Stacking Node Roles, Redundancy, and Failover

ExtremeXOS supports control plane redundancy and hitless failover.

A stack supports control plane redundancy and hitless failover. Hitless failover is supported to the extent that the failing master node and all of its ports are operationally lost, including the loss of supplied power on any PoE ports that the node provided, but all other nodes and their provided ports continue to operate. After the failover, the backup node becomes the master node.

At failover time, a new backup node is selected from the remaining standby nodes that are configured to be master capable. All operational databases are then synchronized from the new master node to the new backup node. Another hitless failover is possible only after the initial synchronization to the new backup node has completed. This can be seen using the show switch {detail} command on the master node and noting that the new backup node is In Sync.

When a backup node transitions to the master node role, it activates the Management IP interface that is common to the whole stack. If you have correctly configured an alternate management IP address, the IP address remains reachable.

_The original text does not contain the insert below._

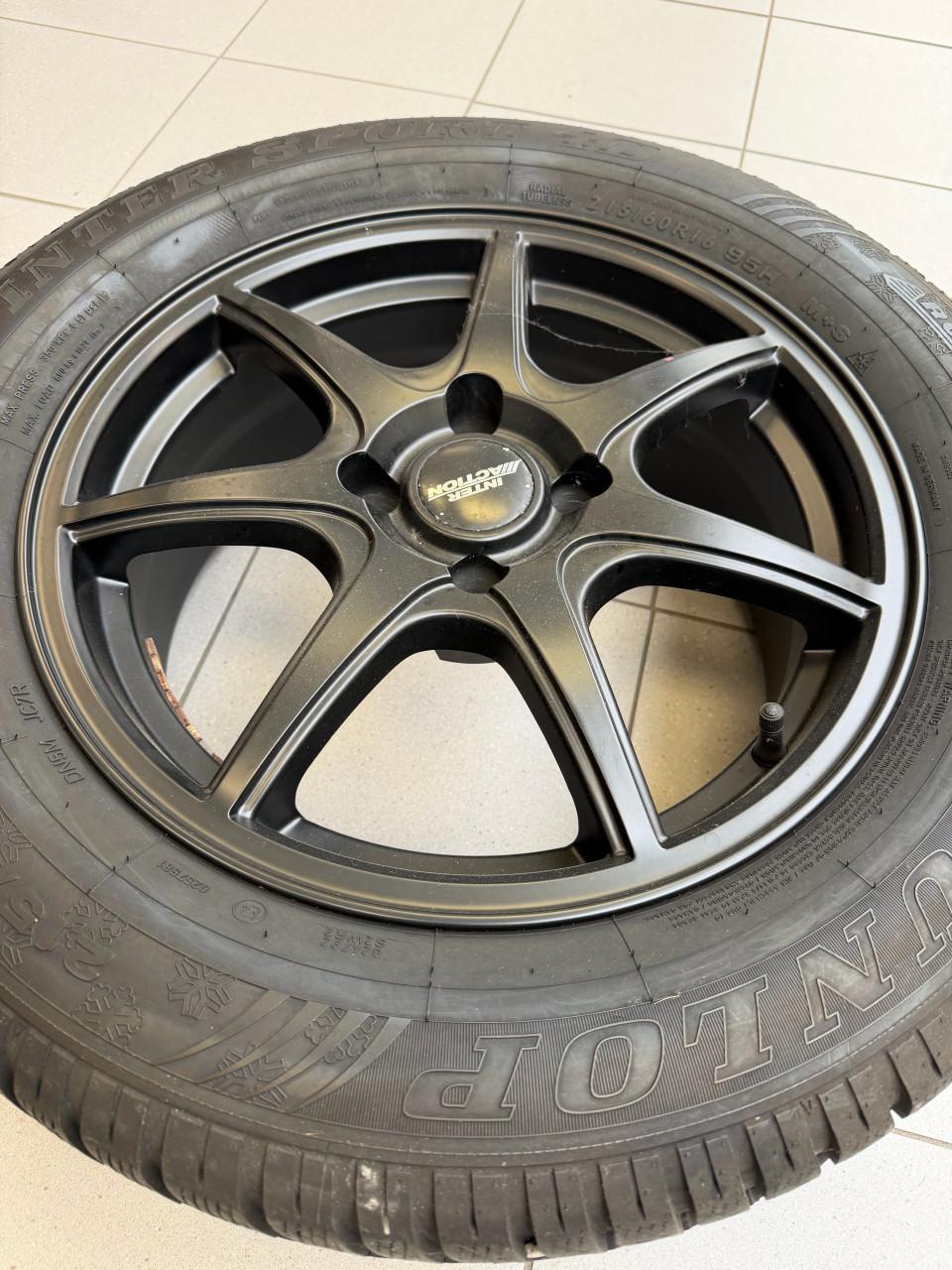 Winterset Peugeot 3008 fase 1 2009-2016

When a standby node is acquired by a master node, the standby node learns the identity of its backup node. The master node synchronizes a minimal subset of its databases with the standby nodes.

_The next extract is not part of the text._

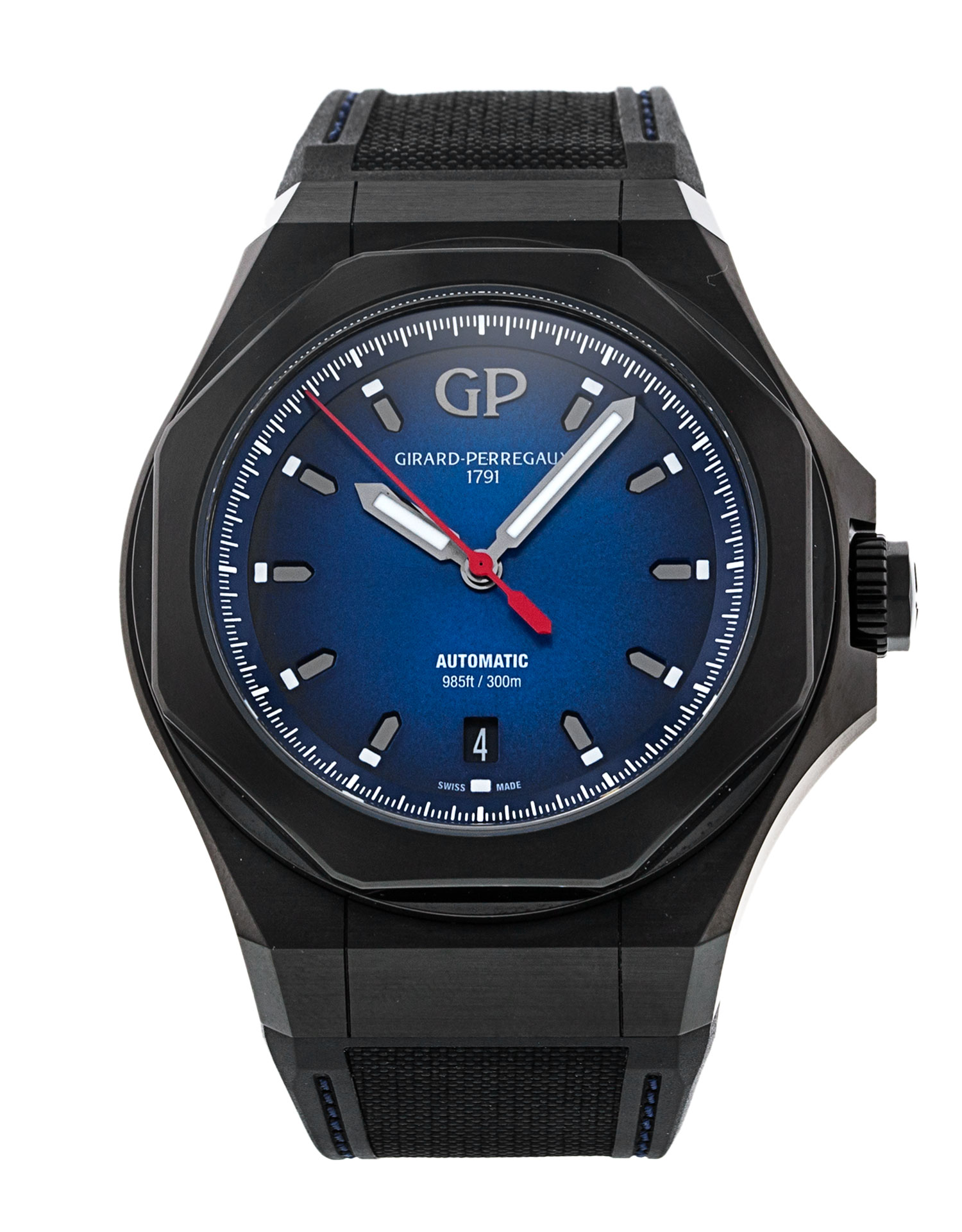 Girard Perregaux Laureato 81070-21-491-FH6A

When a standby node loses contact with both its acquiring master and backup nodes, it reboots.

A master node that detects the loss of an acquired standby node indicates that the slot the standby node occupied is now empty and flushes its dynamic databases of all information previously learned about the lost standby node.

A backup node restarts if the backup node has not completed its initial synchronization with the master node before the master node is lost. When a backup node transitions to the master node role and detects that the master node has not already synchronized a minimal subset of its databases with a standby node, the standby node is restarted.